And besides all that, my guess (again, I haven’t read it) is Harris, Miller, and Paine have written/edited a book useful in addressing the extremely practical and real conditions inherent in first year writing programs.  These are mandatory courses taught to very inexperienced students who frequently come into college with extraordinarily inaccurate ideas about learning let alone writing, and taught by comparatively inexperienced teachers who are rarely familiar with the scholarly and theoretical discussions of the field.  At any decent-sized university, we teach a couple hundred of these classes a year, all of which (in theory) are supposed to be meeting common outcomes and goals, all of which (again, in theory) under the guidance/direction of professionals who occupy that weird institutional space between “professor” and “administrator,” the WPA.  And despite (or maybe because) of its service/quasi-janitorial space on the academic food chain, it is a course that others at the university see as enormously important, especially when it comes to fixing the problems of students’ writing in other courses.  That, I assume, is the real world context and purpose behind Teaching with Student Texts.  So, given that Sirc is a critic of this institutional function of first year writing in the first place, it is probably not that surprising that he’s not a fan.

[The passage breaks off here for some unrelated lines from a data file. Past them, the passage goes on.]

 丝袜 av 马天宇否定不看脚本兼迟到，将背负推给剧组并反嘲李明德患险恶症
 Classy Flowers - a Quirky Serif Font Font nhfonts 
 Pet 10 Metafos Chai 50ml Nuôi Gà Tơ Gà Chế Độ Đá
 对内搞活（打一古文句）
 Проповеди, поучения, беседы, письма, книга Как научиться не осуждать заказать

Like I said, I haven’t read these books and and I don’t know Sirc.  But by the end of this essay, I feel like I know a lot more about him than I do about the books he reviewed.

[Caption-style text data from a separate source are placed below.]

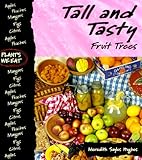 Image de Tall and Tasty: Fruit Trees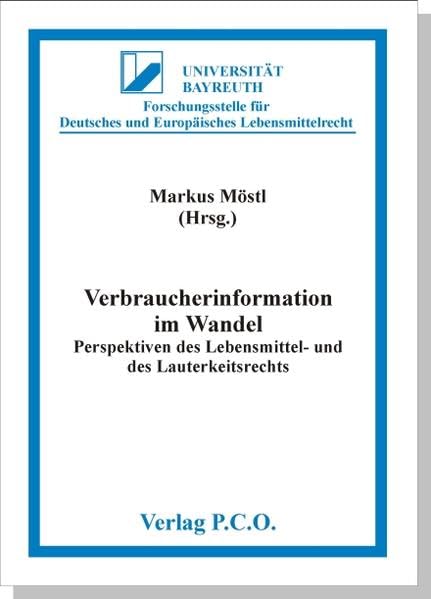 Verbraucherinformation im Wandel - Perspektiven des Lebensmittel- und des Lauterkeitsrechts (Schriften zum Lebensmittelrecht) Law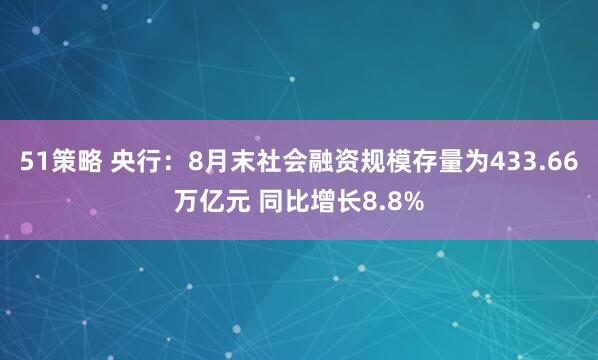 51策略 央行：8月末社会融资规模存量为433.66万亿元 同比增长8.8%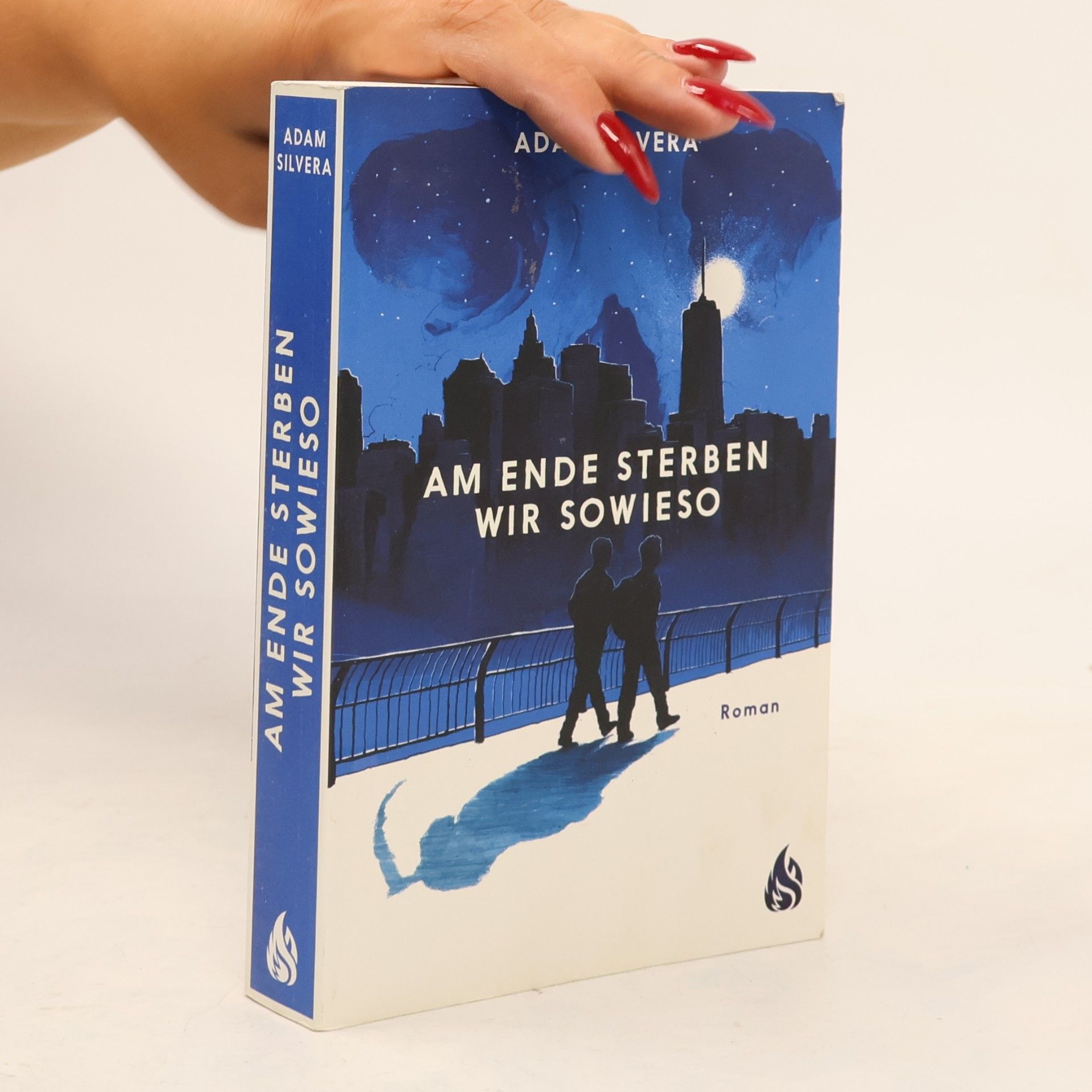 Adam Silvera Am Ende sterben wir sowieso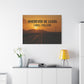 Wherever He Leads I Will Follow — Inspirational Matte Canvas Wall Art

On Bowen’s “Resisting Age Bias in Digital Literacy Research”

I actually read Lauren Marshall Bowen’s “Resisting Age Bias in Digital Literacy Research” in the June 2011 issue of College Composition and Communication a couple weeks ago when I was visiting family at a reunion of sorts in Minnesota.  Now I’m writing this as my in-laws are visiting from Florida.  I think there is a connection here.

In the nutshell, Bowen’s essay is a case study of eighty-one year old “Beverly” and her literacy practices with computer technology.  Beverly is a retired and widowed woman who has actually worked with various computer technologies for quite a while; she worked her way up from secretary to purchasing agent at her town’s paper mill and worked with spreadsheets and other software.  Her technological practices include Flickr, developing scrapbooks (which she prints– Bowen talks about this as a form of remediation), and she seeks help from friends, grandchildren, etc.  Along the way, Bowen makes lots of excellent connections with the scholarship regarding technology and literacy and technology and older people, too.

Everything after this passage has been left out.